Pass-through no transporte de gás é retrocesso às custas do consumidor

Em meio ao debate em torno das novas regras para o leilão de reserva de capacidade na forma de potência (LRCAP), as transportadoras de gás natural têm defendido uma proposta que as beneficia, mas representa prejuízo generalizado para todos os consumidores de energia elétrica: o pass-through dos custos do transporte de gás.

As empresas sustentam que esses custos sejam desconsiderados no ranqueamento das propostas do leilão e cobrados apenas posteriormente, com repasse das despesas ao consumidor final, sem análise crítica de sua razoabilidade.

Na prática, o cidadão seria responsável por financiar as transportadoras, que hoje cobram tarifas artificialmente altas, atrasando o desenvolvimento do mercado de gás natural no Brasil.

Para se ter uma ideia, a regulação da ANP estabelece, desde 2014, que uma revisão tarifária dever ser feita a cada 5 anos, de modo a excluir do custo do transporte os ativos já amortizados — que hoje constituem cerca de 80% do total.

Ainda assim, até hoje, apenas uma das três grandes transportadoras realizou esse processo, que já deveria ter reduzido as tarifas em cerca de 40%.

A proposta representa um perigoso retrocesso regulatório no setor de infraestrutura. Em vez de promover eficiência e equilíbrio entre os agentes da cadeia energética, esse modelo transfere o risco econômico das transportadoras diretamente ao consumidor final, em uma lógica distorcida que premia a ineficiência e penaliza o bolso do cidadão.

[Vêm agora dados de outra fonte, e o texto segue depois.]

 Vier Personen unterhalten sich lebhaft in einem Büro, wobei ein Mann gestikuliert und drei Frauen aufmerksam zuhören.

A legislação atual é clara ao determinar que a remuneração das transportadoras deve se basear na “receita máxima permitida”, e não em uma receita assegurada. Isso significa que as empresas devem ser remuneradas com base na contraprestação efetiva e eficiente do serviço e não pela mera existência de ativos, especialmente quando esses ativos estão há muito tempo amortizados.

Esse modelo, no caso, criaria uma espécie de “garantia de receita” para transportadoras, as quais operam sob um regime de autorização, e não de concessão. O transporte de gás natural no Brasil é um monopólio da União operado por empresas privadas. Não há, no entanto, a obrigação legal ou regulatória de garantir retorno financeiro automático aos operadores.

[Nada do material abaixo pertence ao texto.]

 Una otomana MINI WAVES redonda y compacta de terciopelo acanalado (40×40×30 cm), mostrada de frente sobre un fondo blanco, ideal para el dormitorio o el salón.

A proposta de pass-through ignora esse cenário e perpetua um ciclo vicioso de lucro sobre infraestrutura obsoleta.

E a conta, como sempre, é repassada ao consumidor. Seja ao industrial, que precisa de insumos a preços competitivos, seja ao cidadão comum, que paga a energia elétrica cada vez mais cara.

Simulações indicam que o repasse de tarifas de transporte em leilões de reserva de capacidade pode gerar um ônus adicional de até R$ 3,8 bilhões por ano aos consumidores de energia elétrica — praticamente o mesmo valor previsto pelo Ministério de Minas e Energia (MME) para viabilizar a tarifa social de baixa renda.

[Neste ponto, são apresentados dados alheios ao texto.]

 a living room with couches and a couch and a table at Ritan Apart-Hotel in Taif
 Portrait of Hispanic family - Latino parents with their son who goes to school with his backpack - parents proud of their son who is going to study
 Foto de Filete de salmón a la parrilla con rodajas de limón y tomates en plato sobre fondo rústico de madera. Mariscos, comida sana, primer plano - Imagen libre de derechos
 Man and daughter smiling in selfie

Além da injustiça econômica, o modelo proposto distorce a lógica de concorrência de leilões. Ao permitir que empreendimentos ignorem os custos de transporte em suas propostas, cria-se uma falsa competitividade.

A ideia é, na verdade, um mecanismo para socializar prejuízos privados e blindar empresas que, mesmo operando com margens de lucro de até 90%, resistem a revisar suas tarifas ou investir na ampliação da malha. O pass-through, nesse contexto, é um prêmio à inércia.

É importante destacar que a malha de transporte é apenas uma das formas de viabilizar o suprimento de gás ao setor termelétrico — e não necessariamente a mais competitiva.

Atualmente, o Brasil conta com mais termelétricas supridas por soluções fora da malha de transporte do que por usinas a ela conectadas. A última grande termelétrica interligada à malha foi a UTE Baixada Fluminense, inaugurada em 2014.

O setor de infraestrutura, especialmente aquele com impacto direto na competitividade industrial e no custo da energia, exige previsibilidade, transparência e equilíbrio regulatório. O modelo de pass-through institucionaliza a opacidade, desonera as transportadoras e transfere os riscos para os consumidores e para o Estado.

É preciso, urgentemente, abandonar a discussão em torno dessa proposta. A solução não está em repassar custos, mas em revisar as tarifas com base na realidade dos ativos e na eficiência dos serviços prestados.


Aurélio Amaral é diretor de Relações Externas e Comunicação da Eneva e ex-diretor da Agência Nacional do Petróleo, Gás Natural e Biocombustíveis (ANP).